If you ask me about dental insurance, I’ll talk forever about annual maximums, and coinsurance, and deductibles. But at the end of the day, only one thing really matters: how much does individual dental insurance cost? I get it. You want your money’s worth from your dental insurance. You want to know if the monthly cost of your dental insurance premium is worth the coverage you get.
Dental insurance costs vary depending onwhether you are purchasing for yourself or your entire family, your location, your dental insurance carrier and of course, your level of coverage. Although I can’t give you a magic answer about the exact cost of your dental insurance, I can help you understand the variables that impact the cost. Use this information as you shop for coverage and compare dental insurance costs.
There are two categories of cost to consider when it comes to dental insurance: monthly premium costs and the costs paid out-of-pocket at the time of dental services. First, let’s break down the monthly cost of dental insurance premiums.
Your dental insurance premium is the amount you pay your insurance carrier in exchange for coverage. This is a fixed monthly cost and remains the same for your entire dental insurance policy period, usually twelve months.
Although each person’s situation is different, dental insurance premium costs are usually a fraction of the premiums you pay for regular health insurance. As an example, during 2019, Delta Dental of Washington offered dental insurance on the private market starting at a monthly cost of around $26 for an individual and $122 for a family of four*.
*These premium amounts are actual examples for certain specific plans offered in 2019 only.
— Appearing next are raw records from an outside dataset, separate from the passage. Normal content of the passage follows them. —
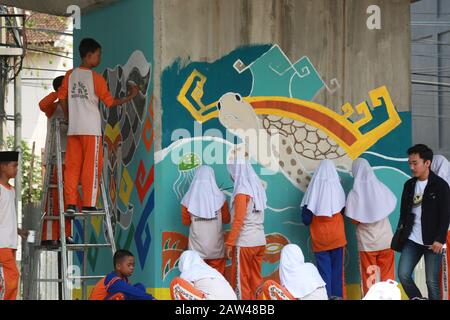 Students seen painting murals at Bandar Lampung flyover, on Thursday, July 18, 2019. 1,500 junior high school students paint murals on 560 poles in welcoming the 337th anniversary of Bandar Lampung and to add to the beauty of the city. Stock Photo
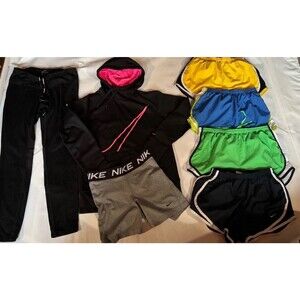 Nike Women’s Medium Dry -Fit Active Bundle 7  Piece Shorts Leggings Reflective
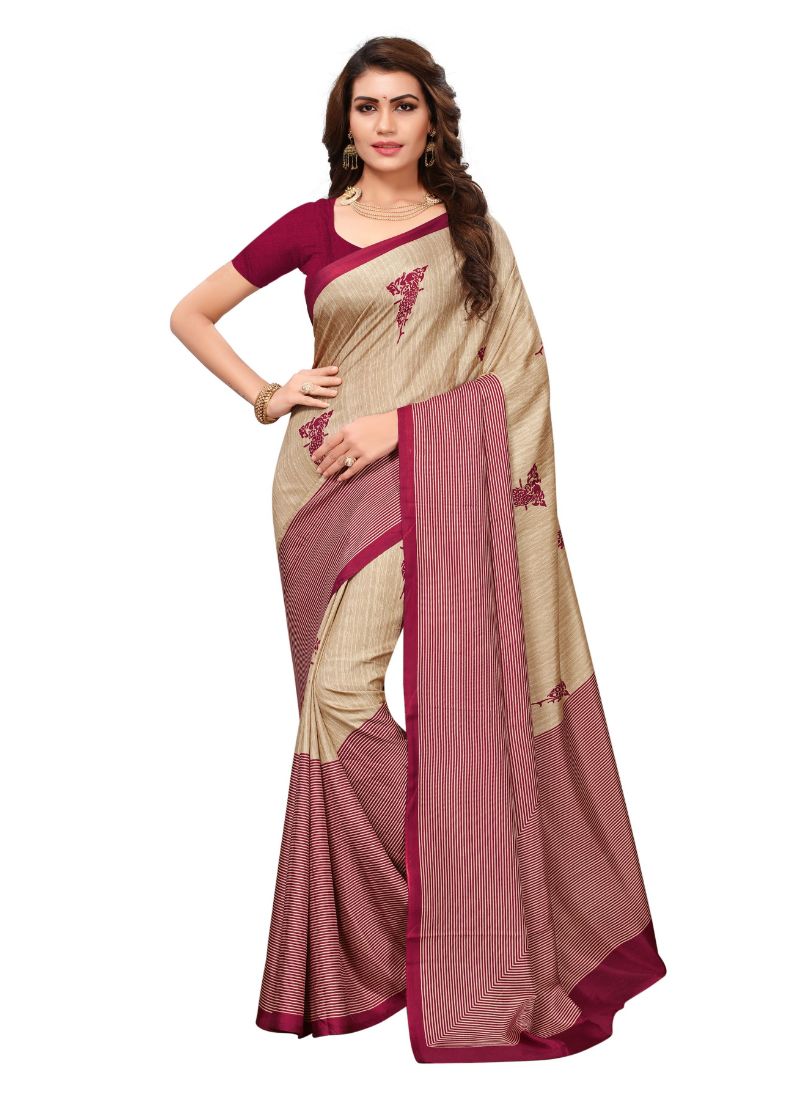 Woman wearing beige and maroon saree.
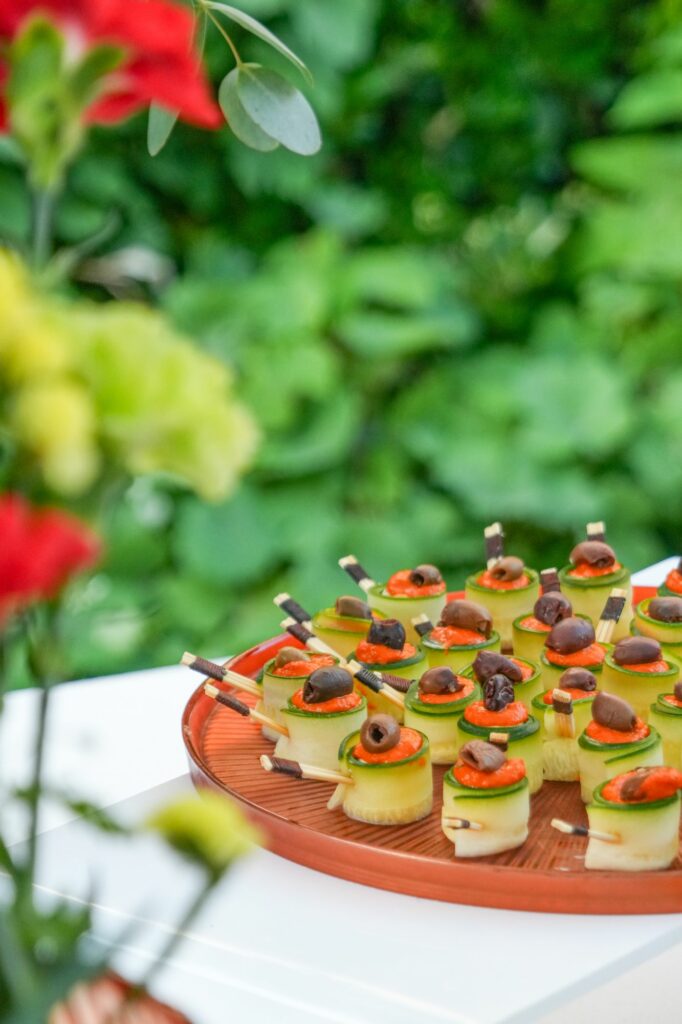 Roulés de concombre et anchois sur un plateau fleuri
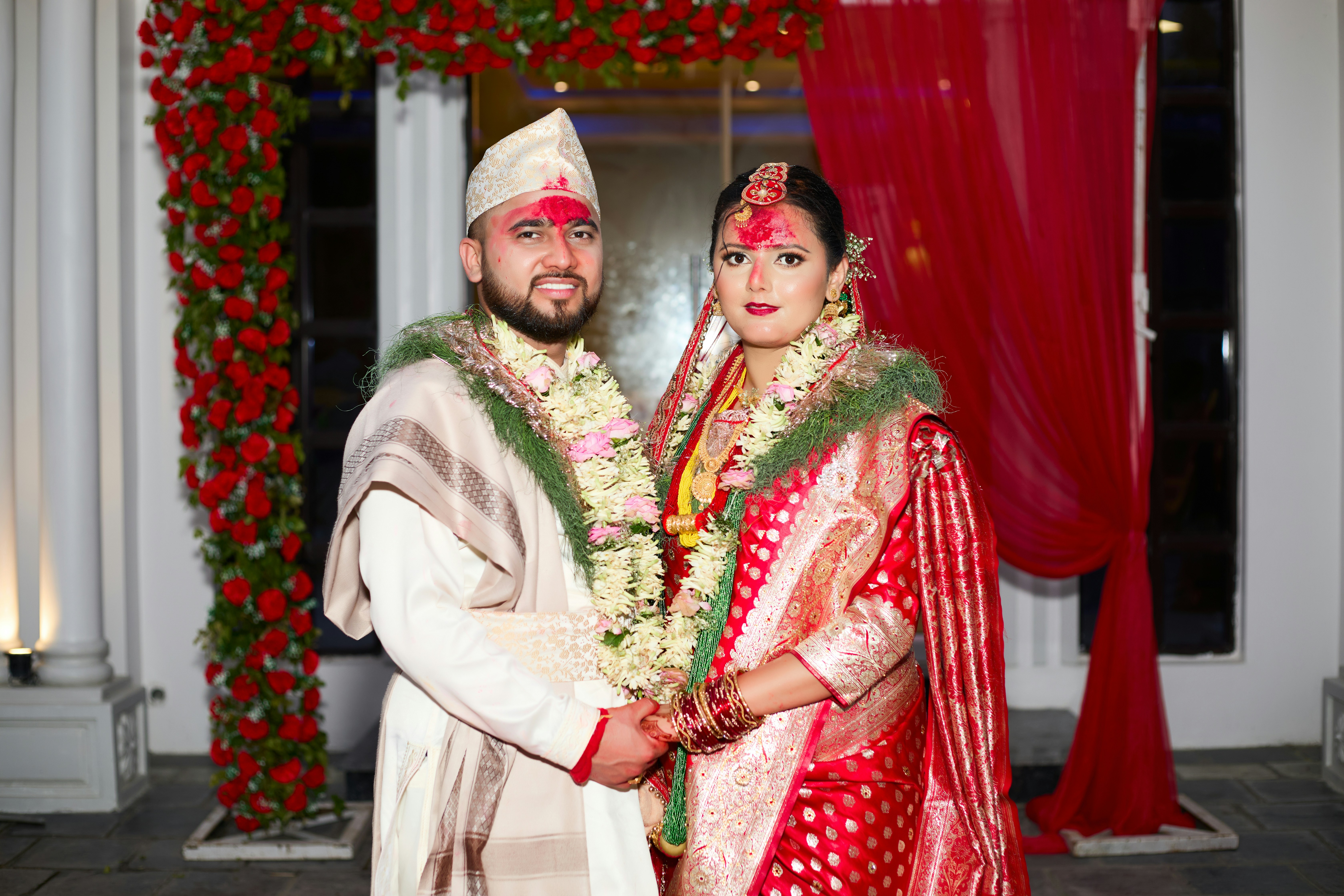 A man and a woman dressed in traditional indian garb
Plan premiums and designs are subject to change. Premium rates are dependent upon your plan choice, location, number of people insured, their age and relationship to you. See your plan Limitations and Exclusions for specific plan information.
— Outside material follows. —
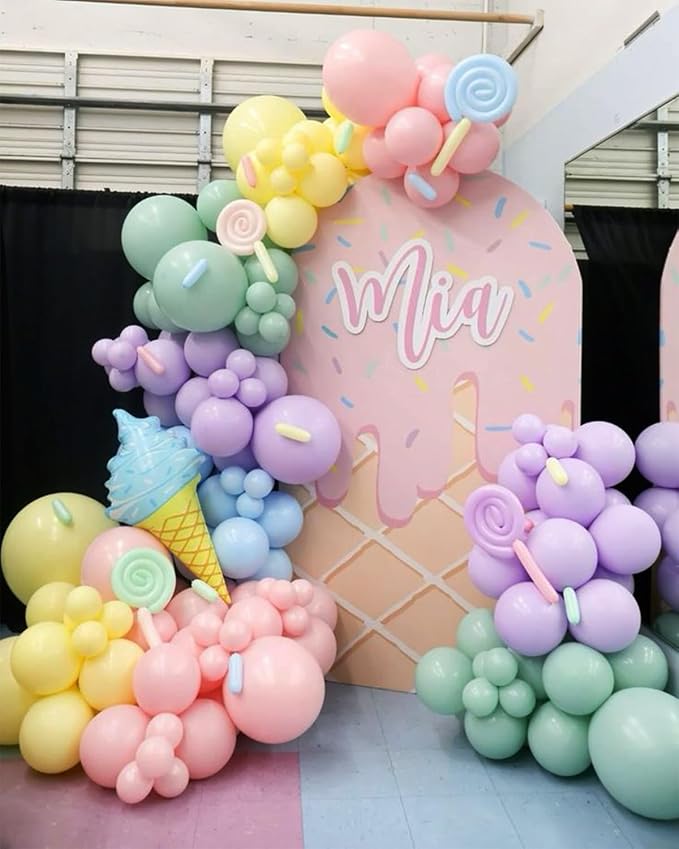 Pastel balloon arch garland with mint, lavender, yellow, pink, and light-blue balloon clusters
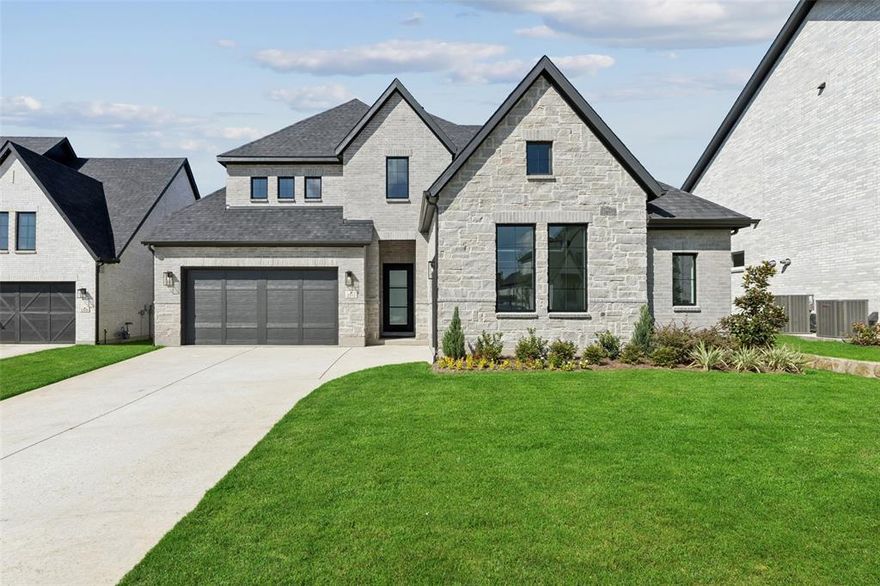 SOUTHGATE HOMES BRENHAM III floor plan.  This popular floor plan with a true three car garage is situated on a Cul-de-sac lot with curb appeal for days! We invite you to tour this fabulous home with room for everyone. A striking iron front door welcomes you inside where you are met with a grand entry that boasts high ceilings and an impressive open stair case that showcases the soaring vaulted ceiling in the Family Room filled with natural light from the 15' Sliding Glass Door to your private covered porch. The 50 inch linear fireplace with floor to ceiling tile is a showstopper! The kitchen steals the spotlight featuring quartz countertops, Kitchen Aid appliances, double ovens and a generous Pantry. Retreat to the owner’s suite, a haven of luxury complete with our our Signature Bath featuring a double vanity, oversized freestanding soaking tub, walk through shower adorned with multiple shower heads, and two walk-in closets. Entertaining is a breeze in this home with a Game Room and Media Room upstairs! All located in the highly desired Painted Tree Community. Featuring all outdoor amenities including miles of nature trails, pump track trails and community pools. MOVE IN READY NOW!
Aside from monthly premiums, the other category of dental insurance costs are those paid out-of-pocket when you visit the dentist. Here are the out-of-pocket costs to consider when shopping for dental insurance:
Your deductible is a set amount you pay for dental services out-of-pocket, before your benefits kick in.
An office visit copay is a set cost you pay up front each time you visit your dentist, regardless of the treatment you receive.
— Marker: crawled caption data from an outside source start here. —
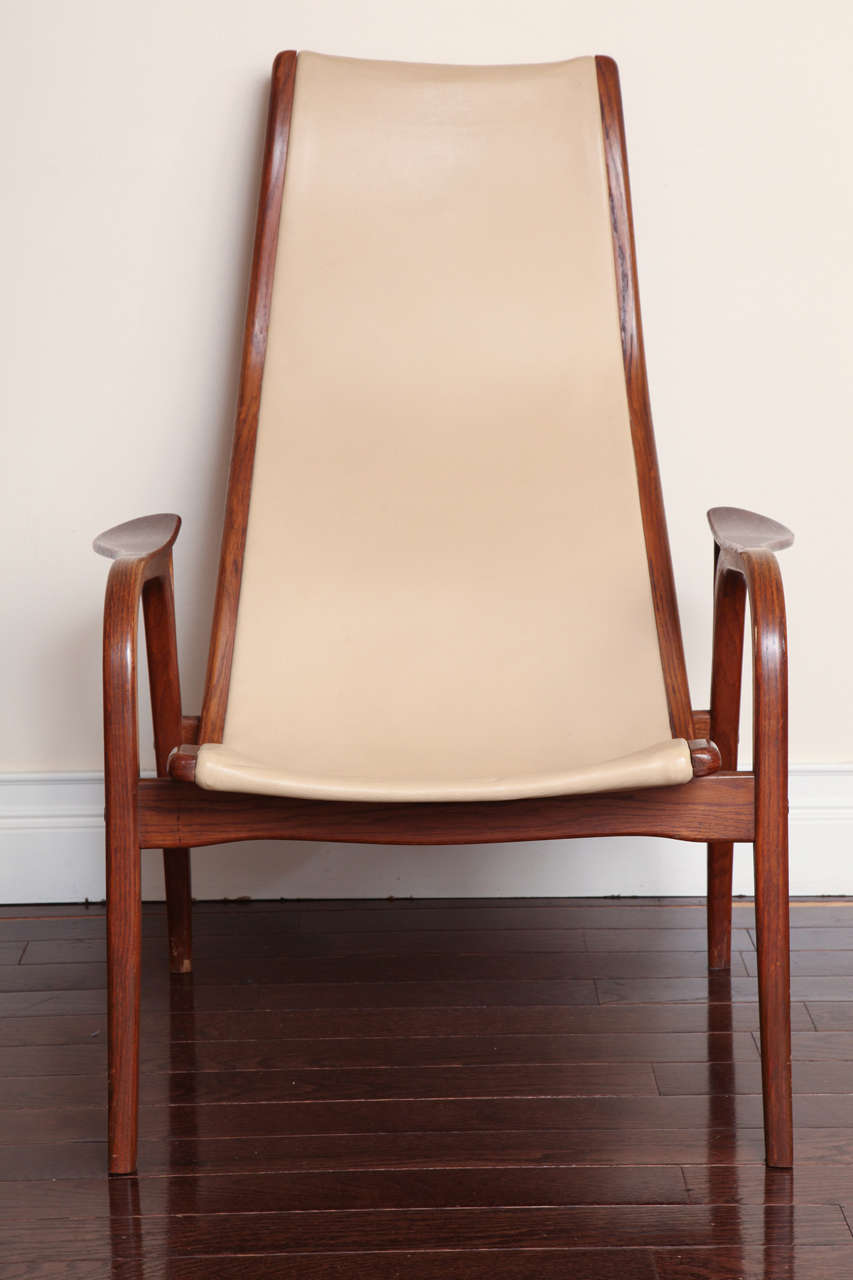 With original ivory leather upholstery. Designed in 1956 by Ekström. Stamped 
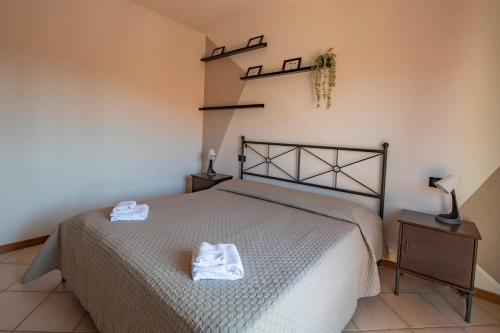 a bedroom with a bed with two towels on it at Cozy Corner near Lucca in Chiesina Uzzanese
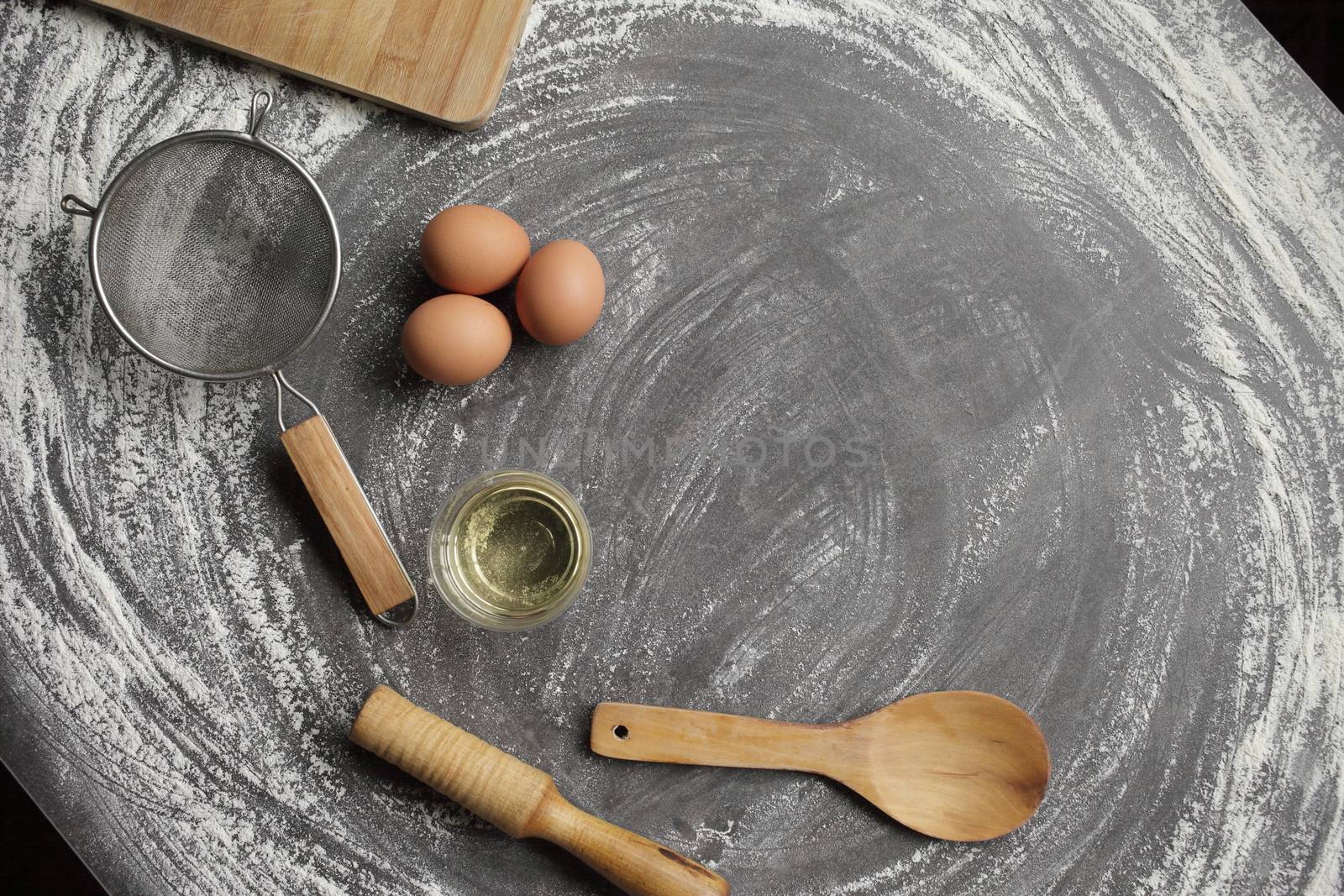 Chicken egg, flour, olive oil, kitchen tool on gray table background. Products for baking bakery products. Cutting board, rolling pin, flour sieve, wooden spoon. For bread or cake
If your plan has a copay, your dental insurance coverage kicks in for the costs above and beyond this copay. When estimating the annual cost of your dental insurance, factor in office visit copays for at least two routine cleanings.
After you pay your deductible and/or your copay, your dental insurance coverage kicks in. But there are still out-of-pocket costs to consider. For most dental insurance plans, your insurance carrier covers a percentage of the cost for restorative and major dental services. You pay the remaining cost directly to your dentist. This percentage you pay is called coinsurance. Coinsurance costs vary depending on your dental insurance plan.
While you can’t plan for everything, you do have some data inputs you can think about when planning for your dental insurance costs. Consider your family dental history, how long it’s been since you’ve seen a dentist, and your overall health when shopping for dental insurance plans.
If your teeth are healthy and you don’t expect needing dental work this year, aside from routine exams and cleanings, then the lowest monthly premium option might be right for you. But think carefully about this, especially if you or someone on your plan needs significant dental work or is prone to cavities. In this situation, paying a higher cost for monthly dental insurance premiums might actually save you money by lowering your other out-of-pocket costs.